SUPPLIED MATERIAL |
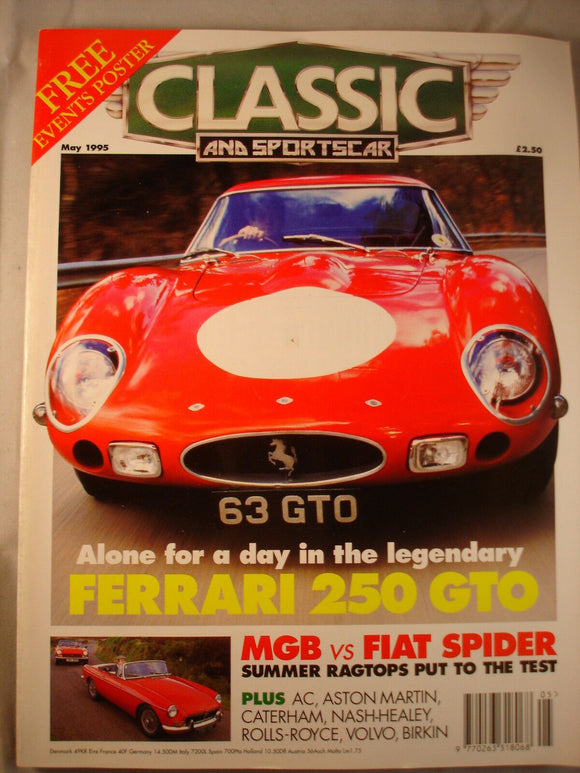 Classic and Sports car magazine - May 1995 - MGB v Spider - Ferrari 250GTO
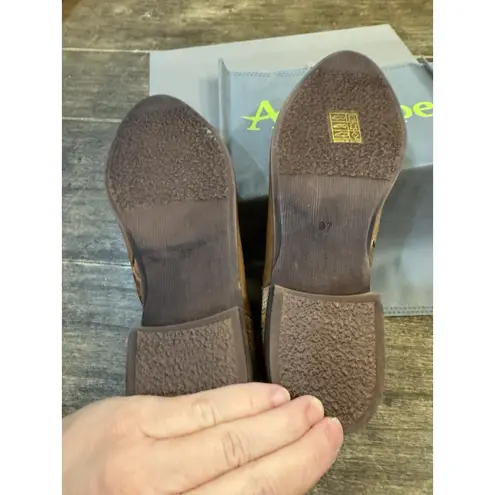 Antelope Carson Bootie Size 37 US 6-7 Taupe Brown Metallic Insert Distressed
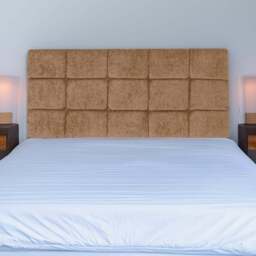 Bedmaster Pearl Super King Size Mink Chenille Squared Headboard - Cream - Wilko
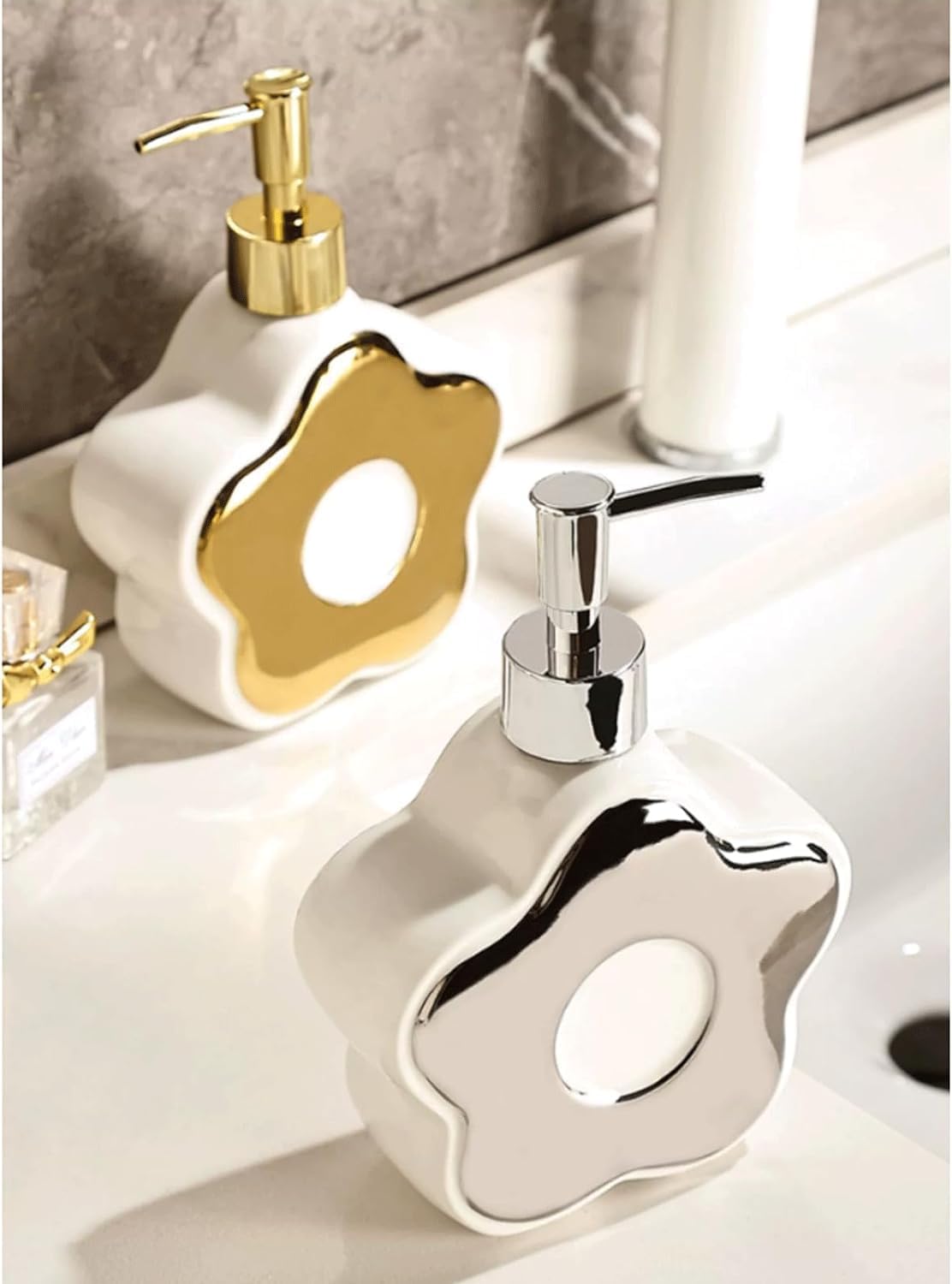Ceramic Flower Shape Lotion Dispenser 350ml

WORK INSTRUCTIONS | Make an exact reproduction of the listing above, without any pictures.

RESULT FOR THIS TASK |
 Classic and Sports car magazine - May 1995 - MGB v Spider - Ferrari 250GTO
 Antelope Carson Bootie Size 37 US 6-7 Taupe Brown Metallic Insert Distressed
 Bedmaster Pearl Super King Size Mink Chenille Squared Headboard - Cream - Wilko
Ceramic Flower Shape Lotion Dispenser 350ml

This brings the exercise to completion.